WLS 10/28/2002 Revision 7/23/2010
High Weight (2002) 240 Revision Weight (2010) 220 Current Weight 115.
I'm glad that the extractions 'solved' your neck pain, if I had to do that to solve mine I would be sitting on the oral surgeons doorstep and would even bring my own pliers! Oh well, I can't change what I have so going forward is the only thing that I can do.

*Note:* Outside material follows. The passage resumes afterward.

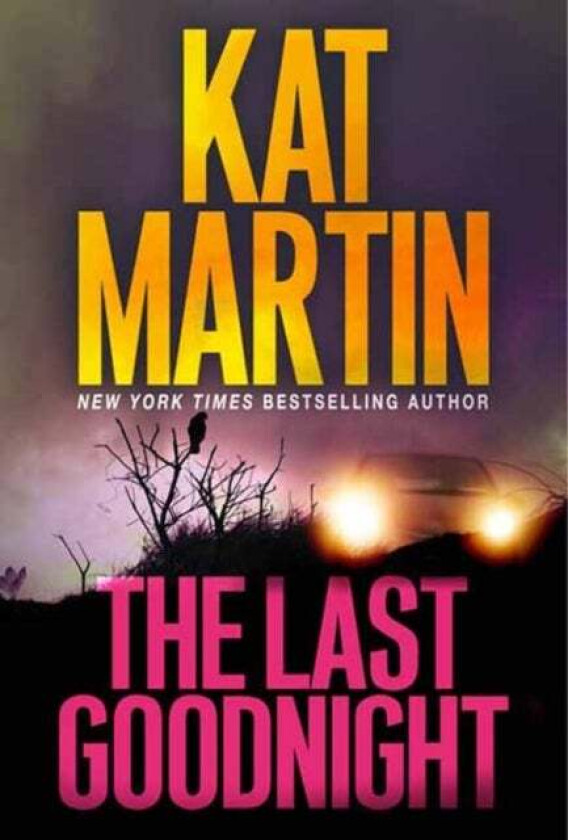The Last Goodnight av Kat Martin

I never in my life thought that I would try to gain weight NOR would I thought that 125 was big. When I really look honestly in the mirror I know that I look good. I am happier than happy to be able to buy bootleg Levi's (they were always my favorite) they don't come in a 2 or smaller but do come in a 4. They are a little roomy but super comfortable :)))) I agree that eating healthy is always first and most important.
Martha
High 250/Consult Weight 245/Surgery 205/Now 109
Height 5'4.5" BMI 18.4
In maintenance since June 2009
Welcome Back Martha, I think we are all kindred spirits with the broken parts of our bodies (each our own parts). While I don't completely understand yours, I do understand that you are working on them. For this you will always be a success to us here. DON'T YOU EVER FORGET THAT. We love and admire you and welcome you back with open arms and hugs.
Here is my {{HUG}} to you. Keep your head up and your feet planted. If there is anything I can do to ever help you, please just give me a shout.
You are a stable rock of support for me... the least I can do for you is offer the same back...
Lucy
~~ Lucy
I am so happy to see you back Martha! Sorry to hear about the SSI. I have been on disability for over ten years because work was aggravating my rheumatoid arthritis. I remember the difficulties of filling out all the forms and be prepared to be denied the first time. Most people are denied the first time through. I was but appealed and had to go through more testing before I was approved. ItIt is deptessing and there are still times when I feel guilty for not being able to contribute much financially to my family but I know it is best. Hang out here with us as you have been missed!